If the stock market hates anything, it's uncertainty. When investors can't get a grip on a company's business model or news flow, share prices tend to plummet.

And Google (NASDAQ:GOOG) sure moves in mysterious ways. The precocious 10-year-old raises eyebrows with every move, leaving the stock price well below what the company really is worth. So, on the eve of Big G's second-quarter earnings report on Thursday night, I think it's time to paint a clearer picture of what the company is doing.

Not the Google you think you know
Everybody knows Google, the king of online search. It's true that Google has a stranglehold on the search market, no matter how hard Microsoft (NASDAQ:MSFT), Yahoo! (NASDAQ:YHOO), and assorted upstarts try to usurp the ruler. And the Web traffic flowing through Google Search is a powerful revenue driver.

But it's far from the only thing Google does, and arguably not even what it does best. That honor would fall to the fearsome twosome of online advertising: AdWords and AdSense.

How does it work?
The Ad brothers are two sides of the same coin. Publishers use the AdSense system to place Google-powered ads on their websites (or in news feeds and Web videos, or even online games) and gain a pittance for every user clicking on the ads. Advertisers go through AdWords to plan and design their ad campaigns -- and to feed their pitches through to the waiting AdSense publishers.

It's an open auction system where advertisers outbid each other for a spot on the page you're about to see (and Google keeps a modest cut of the auctioned ad rates). This is why Google's Hippocratic oath to "do no evil" is so important: If the users don't trust Google, they won't click on the ads. If advertisers didn't trust the company, there'd be no ads to begin with. As long as Google's advertising revenue keeps growing, then, you can safely assume that most people generally trust Google.

What's the frequency, Kenneth?
Industry analysts disagree on how Google's quarter turned out. Most agree that the number of clicks kept up decent growth of 13% or more over last year, but the average cost per click may have gone up, down, or stayed the same. But don't worry too much about those finer points: Google won't tell us how that equation breaks down anyhow.

What's important, and possible to divine from third-party sources, is that the ads keep flowing and revenue keeps growing. And Google has an unblemished record of year-over-year revenue growth, stretching all the way back to the IPO in 2003 and probably beyond. Yes, that includes last quarter, when the darkest days so far of this recession had to beat numbers from early 2008, when everything was still hunky-dory.

The bottom line
I see no reason to doubt that Google will get back to its longstanding habit of crushing Wall Street estimates and pessimistic outlooks Thursday night. Industry research firm SearchIgnite says that Google stole some more share in search advertising from Yahoo! and Bing.
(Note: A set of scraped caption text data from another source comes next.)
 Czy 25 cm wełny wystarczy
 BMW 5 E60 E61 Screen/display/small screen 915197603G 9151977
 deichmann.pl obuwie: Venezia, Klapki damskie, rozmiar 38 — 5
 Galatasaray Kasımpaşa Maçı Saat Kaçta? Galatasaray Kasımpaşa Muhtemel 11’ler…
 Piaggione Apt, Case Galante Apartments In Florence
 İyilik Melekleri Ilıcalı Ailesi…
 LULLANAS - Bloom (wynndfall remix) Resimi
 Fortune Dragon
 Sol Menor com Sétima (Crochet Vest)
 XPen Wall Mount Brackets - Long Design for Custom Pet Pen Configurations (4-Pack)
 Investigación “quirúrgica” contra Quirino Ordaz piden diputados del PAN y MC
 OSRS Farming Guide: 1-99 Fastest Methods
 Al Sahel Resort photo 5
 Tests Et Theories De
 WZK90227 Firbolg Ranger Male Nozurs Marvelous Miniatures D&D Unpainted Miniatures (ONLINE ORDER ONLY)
So the fact that overall online advertising shrunk a bit shouldn't be enough to bring Google's growth figures into the red.

And don't forget that the battle for ad clicks is fought over many battlefields. In just the last three months, Microsoft has relaunched its search service, Google announced an operating system and a game-changing communications product, and Yahoo! picked up a failed Google project -- to make it a standard feature in all its searches.

Google might score a home run with its Linux-based operating systems -- be it Android on Motorola (NYSE:MOT) smartphones or Chrome on Hewlett-Packard (NYSE:HPQ) notebooks -- and become the next Microsoft. Or it could buy Twitter with a fraction of that $17.8 billion cash hoard, meld it into Google Wave, and become ... well, Verizon (NYSE:VZ) and AT&T (NYSE:T) spring to mind, but there's really no historic equivalent for such a beast.

Just don't forget that Google is a living, breathing monster fueled by goodwill toward men and the heart of an advertising giant. Its best days are way ahead, and Mr. Market sorely underestimates the value of this cash-generating machine.